Great, thank you. I also just wanted to take a second in this platform to share that I know the Women in Sports Data Symposium is coming up, too, on August 20th, and I just put the Twitter account to the symposium there that you can follow if you're interested in getting involved as well. We are highly supportive of them. They are doing excellent things. It's going to be a fantastic conference. Please attend, and we are happy to discuss sponsoring if you need help getting there.

That's great. Yeah, it looks amazing. So, a few other questions. I, myself, am not sure exactly what this question means, but what would be your opinion about DFTS density functional theory as an application? I'm not sure if that relates to a specific package or not, so I just wanted to ask it. Okay, we can save that one, and if anyone has some thoughts on it, feel free to share it in the chat, too.

So, basically, I see this question from Rodrigo from YouTube. Is Sports Dataverse focused only on providing access? Oh, we did cover some of this. It would be helpful if anybody wants to make, like, useful reporting that they would like to be run every night. We are always willing to accept that sort of stuff, especially if it's something that can be updated every night. That'd be good.

Someone had asked about some of those books that you had recommended. Do you know if any of them are available in online free versions as well, kind of like how the R for Data Science book is? I cannot say that I do. I also really like the people who have made these books, so I would encourage you to support them if you can, but I honestly don't know of any free versions. It's worth checking out Konstantinos Pelikrinas' sports analytics coursework that he's provided, because I'm sure he's provided a bunch of excerpts from the book during those course notes and lectures.

Great. Thank you. One other question was, could this package be utilized for prediction purposes?

I'm assuming you're talking about a specific package, but in theory, that's exactly what all of these are for. Right now, they're mostly just pulling in data as it comes from websites, and there's not much being done to enhance it. I'm just trying to get the data ingest going and made available so that you, the user and potential contributor to the Sports Dataverse, could then build a pipeline and be like, hey, if you run these two functions, you can get this set of reporting and modeling done. Here's how you would train that model. Here's a proof of concept of how it works. Please add it, and you make a pull request to us or just talk to us about it. You would get it incorporated to the broader community and package.

That's the next phase. We want that. Please.

I'm muted. Sorry. Eugene had asked, it looks like you have quite the trophy cabinet behind you, which are your sports? Math. Math.
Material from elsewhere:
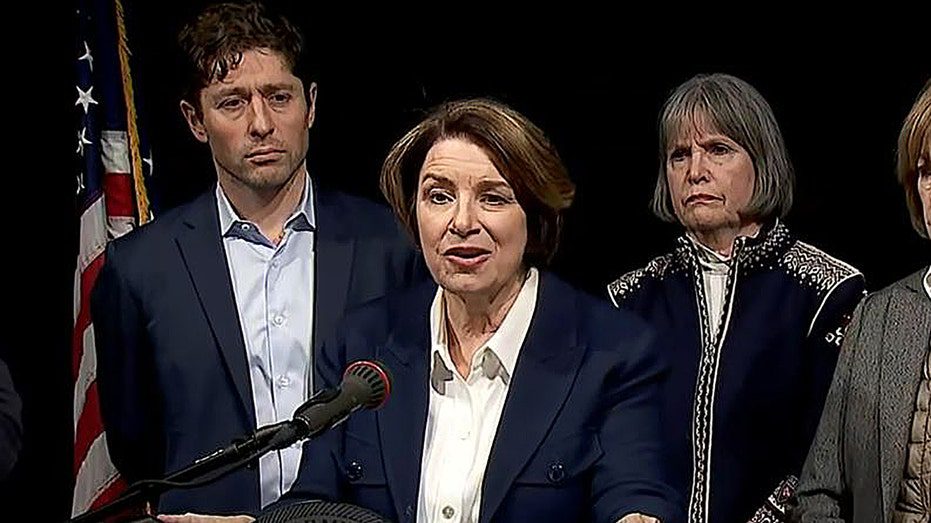amy-klobuchar-and-jacob-frey-at-speaking-at-minneapolis-presser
Yeah, 100%. Love it.

Another question I realized I had missed from earlier is, what are some newer aspects of data analytics in the MBA that excite you? Well, there's a lot more stat companies now that are providing MBA data. That's always an exciting opportunity to get a check on yourself from various other very smart analysts in the field, which is great, as well as there's actual opportunities for new data that's being provided to us from existing providers, whether it be raw tracking data from either Second Spectrum or Zealous using Second Spectrum's data.

There's a bunch of people that are providing more and more interesting data that you have to become adept at building these pipelines, because that's the work you have to do. The entire purpose of why I think this is a very good route for people to learn the skills they absolutely need on the job for working in sports analytics is, you're going to get new data sources. You're going to have to build data pipelines. You need to be able to do it fast. You got to make them durable, make sure they don't break, and learn how to make them basically work no matter what.